There were lots of other funny quotes from today...for example, she still sometimes has difficulty with names when she thinks about it too hard...so she called Lilly "Medley" (maybe a combo of Manda and Lilly?)...Lilly loved it though, and is considering changing her name! ;) We actually induced hearty, belly laughter...all of us were cracking up, but most importantly she was. She's got a great laugh, and it was good to hear it used again. Pieces of her short term memory are coming back, and of course she does best the less tired she is...but there are glimmers. It makes its appearance once in awhile...like if we get sidetracked on a conversation, or if someone else interjects with a side bar, mom has been trying to redirect the conversation back to the original speaker and topic. That's great! Also, she got a bit tearful when talking about being sad she couldn't go home..."I feel like I should be there. Who is going to take care of the cat?" That word, "cat", has been one she's struggled with in speech therapy..."dog" would come out okay, but for some reason "cat" wasn't so easy...but when she said it tonight, it was crystal clear and without hesitation, along with the concept she was expressing. I of course assured her I was taking care of everything, and that she would be coming home some time to her house and her cat and her stuff, that everything would be waiting for her when it was time...the more conversations we have like that, the harder it becomes for me, because I don't want to give her false information if she doesn't end up coming straight home. But she wants to so badly. Again, feelings of being a bad daughter come up...if I was good enough, I'd be able to figure something out to make that work...move heaven and earth.

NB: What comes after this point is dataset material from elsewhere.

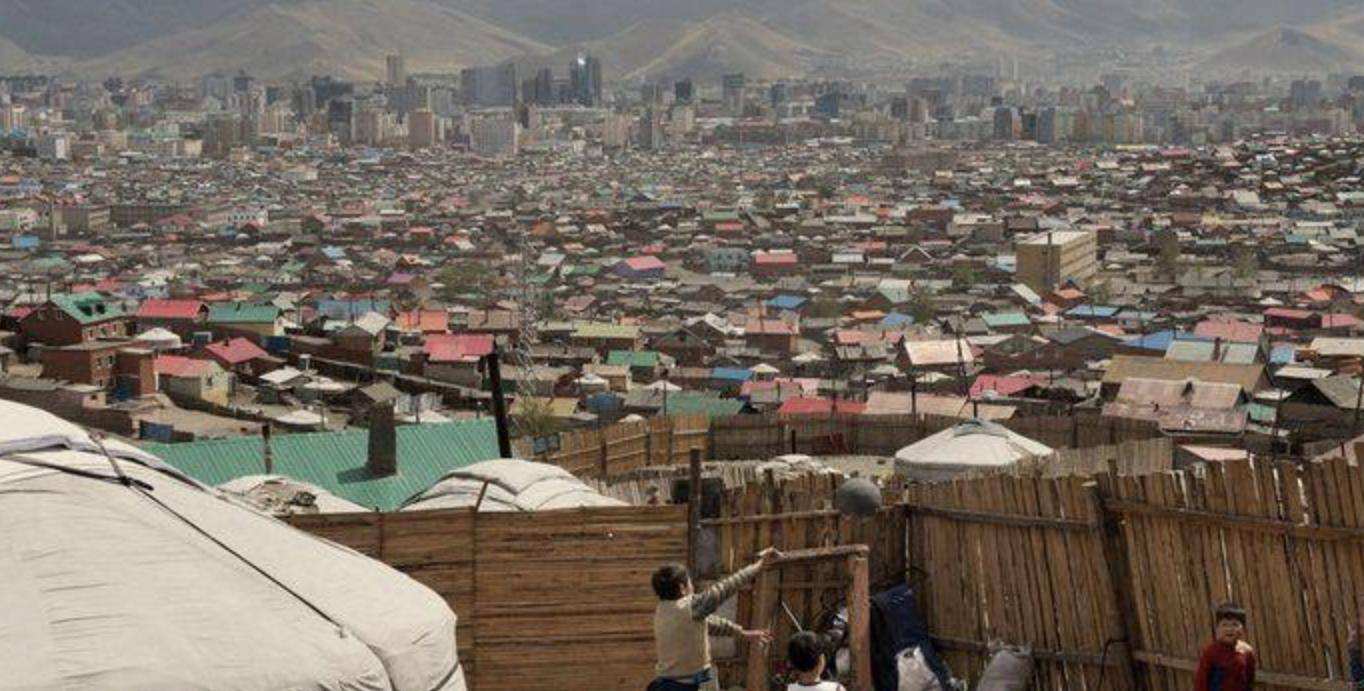 蒙古国“现状”，海军夏天运羊毛，冬天捕鱼，还有25个探秘冷知识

Well, tomorrow is the big breakfast which I plan to be there for so I must go to bed now. She also has her appointment with her neurosurgeon at the other hospital...well, I think it's in the office building next to the hospital, but it will bring back memories to be in that 'hood again. A little field trip for mom. Wish us luck...not sure for what, but just luck I guess. Also, please help me find the strength and wits I need to make these huge decisions...I could use all the help I can get. Peace to you all.

Comments

Anonymous said…
Amanda,

Please don't say you are a bad daughter. You are a wonderful daughter!!! You would do anything for your mom. Bev couldn't ask for more! I know you have a difficult decision to make, I'm sure you will do what's best for your mom. Just follow your heart...

Love,
Julie McKnight
Amanda-
I am so excited that your Mom had a great day yesterday! I am so happy that she gets to eat regular food today:) You are a wonderful daughter and please don't forget that. I know you will make the best decision for you Mom. We are here to help you. Looking forward to spending the day with you today!
Love, Jillian
Anonymous said…
Amanda-
I know it must feel like you have to make this decision all alone, but just remember the web of support that both you and your mom have. I am praying that God will provide a path for you. Whatever you end up choosing may be difficult, but I know that you are a strong woman and so is your mom. Don't be afraid to ask for help if you feel like you need it.